La macchina dei soccorsi è stata puntuale ed efficiente;  molti volontari sono andati a scavare a mani nude tra le lamiere per cercare persone ancora in vita e i centri per la donazione del sangue negli ospedali pugliesi sono rimasti aperti fino a tarda ora per accogliere il gran numero di donatori che hanno risposto agli appelli alla donazione per i feriti. Mentre la situazione era tutta in divenire e mentre i tg e i siti web trasmettevano l’immagine dei due convogli accartocciati l’uno sull’altro, nei vari salotti, in primis sui social network ma anche in tv, sono fioccati commenti e analisi sulle possibili cause del disastro, dibattito che si rispecchia negli articoli di fondo di tutti i quotidiani italiani oggi in edicola.

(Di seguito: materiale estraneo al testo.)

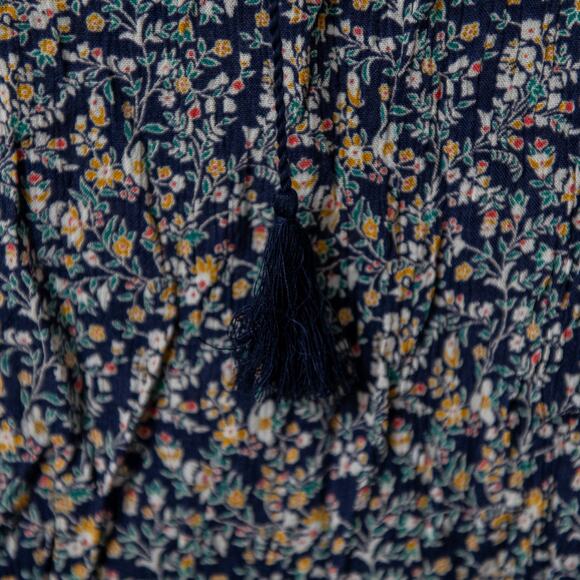 Old Navy Plus Sz 4XL Flowered Sleeveless Tie Neck Top Navy Ruffle Neck Silky - Picture 6 of 7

Haters, odiatori ‘seriali’ sui social, a parte (con post dal sapore razzista del tipo “ah ma in Puglia ci sono i treni”, per citare il più tranquillo), i dibattiti e gli editoriali hanno seguito una narrazione trita e ritrita, ricca di stereotipi e di molta superficialità.

Molti editoriali hanno ricamato teorie sulla classica concezione del Sud con la sua arretratezza, quasi a far pensare che certe cose possano avvenire solo da Roma in giù, dimenticando totalmente episodi come quello di Viareggio che soli sei anni fa ha provocato un numero maggiore di vittime (e non mi soffermo in questa sede sulle altre tragedie). A questo si è aggiunto il leit motiv del binario unico, come se solo ora l’Italia scoprisse che la maggior parte dei suoi chilometri di ferrovia, e ovviamente non solo al Sud, viaggia ‘ad una sola corsia’.

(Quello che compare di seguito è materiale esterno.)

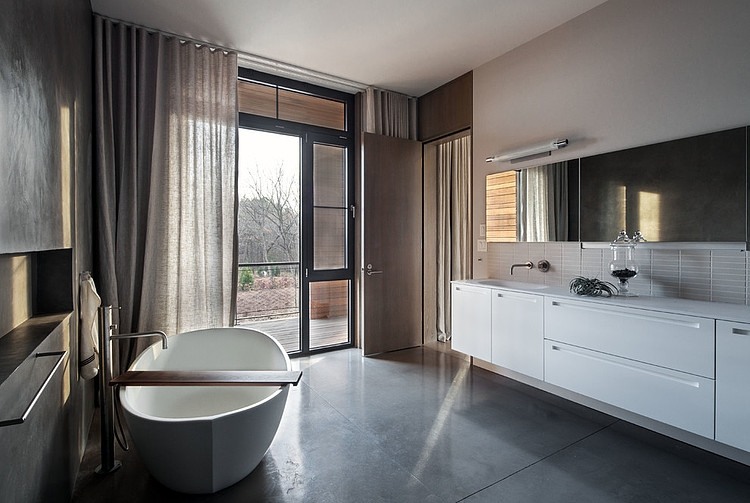 Riverhouse by BWArchitects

Il sospetto è che molti commentatori non abbiano idea di cosa significhi viaggiare in treno tra i pendolari. Sulla tratta Lecco/Bergamo- Milano al mattino nell’ora di punta si viaggia rigorosamente in piedi, non mancano i ritardi e spesso e volentieri i treni non sono il massimo della pulizia. Senza dimenticare che il Lecco- Milano (via Molteno) è a binario unico, così come la linea  per Bergamo dopo la stazione di Carnate. Sul treno Barletta -Andria- Bari ci sono stato un paio di anni fa e ho viaggiato con piena puntualità in un vagone nuovo e attrezzato, probabilmente acquistato da poco.

Il vero nodo della questione, secondo me, l’ha individuato Giuseppe De Tomaso, direttore de “La Gazzetta del Mezzogiorno”, che oggi sul suo editoriale si chiede perché il sistema di sicurezza che è in funzione da anni sui treni nazionali non sia stato attivato anche su quella tratta, lasciando la sicurezza alla comunicazione tra i due capitreno. Non vorrei che i veri temi del trasporto pubblico locale, quali la sicurezza e la qualità del servizio, in questo dibattito passino in secondo piano rispetto ad una spietata caccia all’uomo che fa molto comodo alla politica (“Non ci fermeremo finché non troveremo i responsabili” ha subito tuonato il premier Renzi) ma che nasconde sotto il tappeto i problemi del T.P.L. che da anni associazioni (come Legambiente) e pendolari invano cercano di denunciare.